BBC 4 gave us a short history of the ghost story last night. They started with The descent of Inanna and wound up with Robert Aickman- and all in half an hour- whee!

But they got it right. At least I thought they did. They paused on Sheridan le Fanu and M.R. James and Aickman- and that's as it should be. These are the masters. And they didn't bother with the Turn of the Screw (which I consider over-rated.) I'd have liked a nod in the direction of Margaret Oliphant, but you can't have everything and there were an awful lot of Victorian and early 20th century writers who knocked out a ghost story or two.

Ooh, and Jackie, you'd have liked this- they fished out a clip of Algernon Blackwood talking to camera in 1951- and he was everything you could have wished- long-nosed and gaunt with an avuncular twinkle in his eye.

I'm crazy for ghost stories. Here's my personal top ten.

An Account of Some Strange Disturbances in Aungier Street- Sheridan le Fanu
The Signalman- Charles Dickens
The Library Window- Margaret Oliphant
Thrawn Janet- Robert Louis Stevenson
Mr Humphreys and his Inheritance- M.R. James
The Room in the Tower- E.F. Benson
The Dog Hervey- Rudyard Kipling
The Wendigo- Algernon Blackwood
Seaton's Aunt- Walter de la Mare
The Houses of the Russians- Robert Aickman

[identity profile] ex-kharin447.livejournal.com 2005-12-19 05:01 am (UTC)(link)
Of course, one reason to debate whether to include The Turn of the Screw is the question of whether it actually is a ghost story at all or simply the deranged imagination of an unreliable narrator.

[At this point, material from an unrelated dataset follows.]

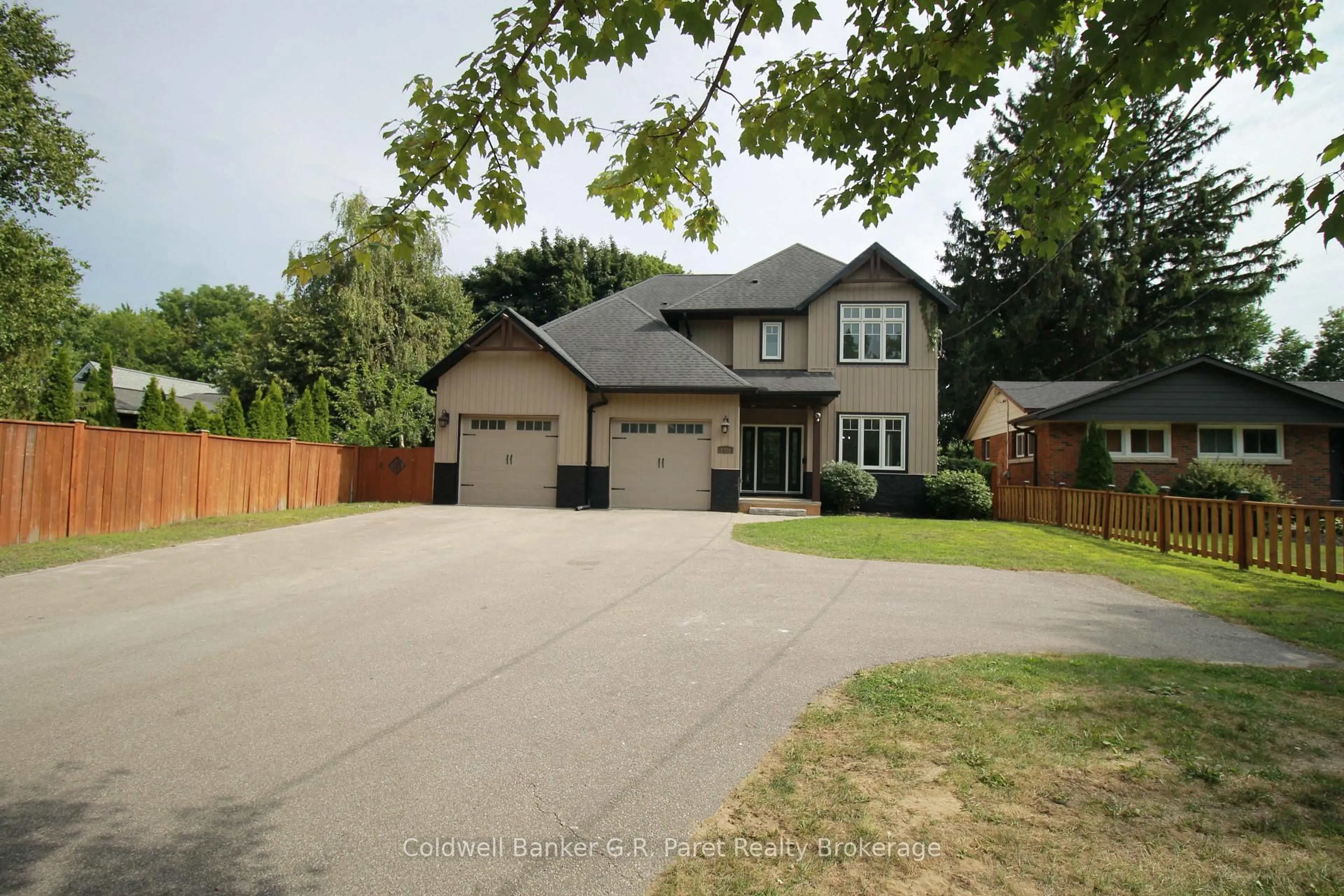 Home with brick exterior material, street for 138a Victoria St, Norfolk Ontario N3Y 1L8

[identity profile] ex-kharin447.livejournal.com 2005-12-19 05:02 am (UTC)(link)
PS

Agree entirely about The Room in the Tower. Quite my favourite ghost story.

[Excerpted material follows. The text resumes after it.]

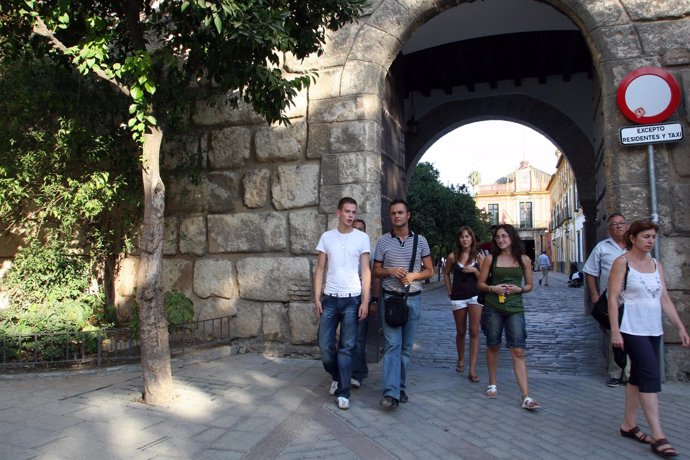 Turistas recorriendo Sevilla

[identity profile] poliphilo.livejournal.com 2005-12-19 11:04 am (UTC)(link)
I read it first in my early teens and it scared the bejasus out of me.

[identity profile] poliphilo.livejournal.com 2005-12-19 11:03 am (UTC)(link)
I think one or two of the stories on my list might be open to that kind of debate. The Library Window and Seaton's Aunt are both open to the charge that the narrator is a little bit overwrought....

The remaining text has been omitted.